L’œil exercé d’un amateur de design identifie sans peine une apparence de chaise réalisée par Maarten Baas ou l’objet de récupération qui est la matière première empruntée par Tejo Remy.

La cote d’une pièce de design est régie par trois principes fondamentaux : la signature, la rareté et l’imprévisible.

La cote du design a bondi très rapidement à l’image de l’emballement des prix qui a secoué le marché de l’art contemporain dans les années 2005 à 2008. Des pièces généralement rares, modestes ou quelques fois sculpturales ont atteint des centaines de milliers d’euros avant d’être aussitôt convoitées à des prix millionnaires.

Ces créateurs virtuoses, audacieux voire insensés, et parfois controversés, produisent dans des éditions limitées.

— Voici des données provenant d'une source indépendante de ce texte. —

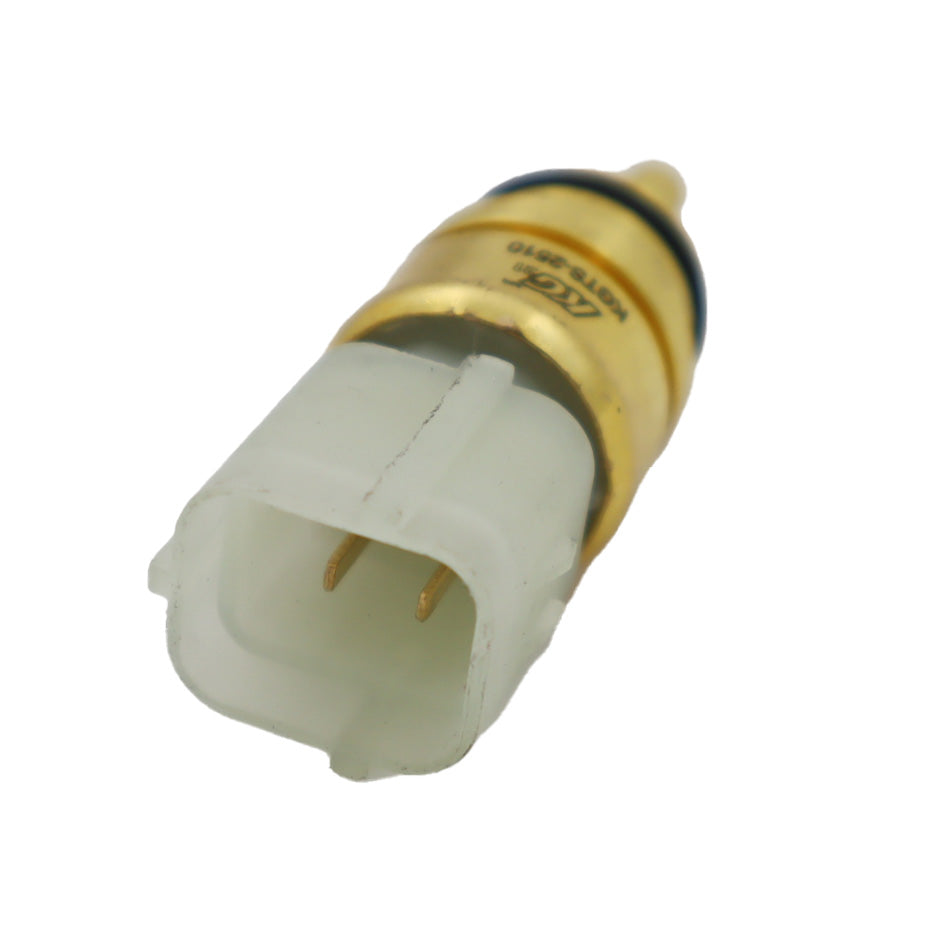 SENSOR DE TEMPERATURA DODGE ATOS 1.0L 00-04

Le prestige de signatures telles que Marc Newson, Frank Gehry, les Frères Campana ou Ron Arad, allié au critère de rareté et à l’originalité plastique et technique de pièces créées, font du design un champ de collection au même titre que celui de l’art qui nous est plus familier.

Puis, conséquence logique, ces ornemanistes d’aujourd’hui sont parallèlement les inspirateurs de productions industrielles massives.

Aussi, les meubles et objets de seconde main issus de la grande série sont proposés sur le marché pour quelques centaines d’euros.

La gamme de prix du design est à l’instar de celle de l’art classique, c’est-à-dire d’une grande amplitude.

Aujourd’hui, l’australien Marc Newson est le designer vivant le plus coûteux aux enchères. Sa pièce phare, la sculpturale « Lockheed Lounge » a atteint un nouveau record voici quelques mois. Elle fut éditée en 1985 et difficilement vendue la même année 1.000 euros. Ce qui ne l’empêcha cependant pas d’être convoitée le 14 octobre 2007 par un collectionneur averti pour la somme de 934.000 euros.

Les plus grands collectionneurs ouvrent leurs bourses toutes débordantes d’euros, de tendances et d’avant-gardisme car il importe d’être vu, d’acquérir et peut-être de promouvoir le travail actuellement incontournable dans l’évolution des formes et matériaux de nos objets.

La réussite de quelques-uns ne saurait cependant dissimuler les multiples échecs subis par d’autres grands noms du design tels que Ron Arad et Zara Hadid.

Le ralentissement de la demande s’est affiché, nous dit-on, fin 2008 pour les pièces exceptionnelles. Il y avait la crainte de surpayer des achats aux valeurs fluctuantes peut-être même éphémères dans une période où tous les indicateurs (financiers, économiques et marché de l’art) clignotaient au rouge.

Je vous proposerai dans un prochain édito une radiographie également succincte du marché de l’art contemporain.

Chers(es) Collègues antiquaires, brocanteurs et galeristes, vous ne manquerez évidemment pas d’établir le lien ou le parallèle avec le marché de l’ancien, tel qu’il s’impose à nous à travers l’histoire.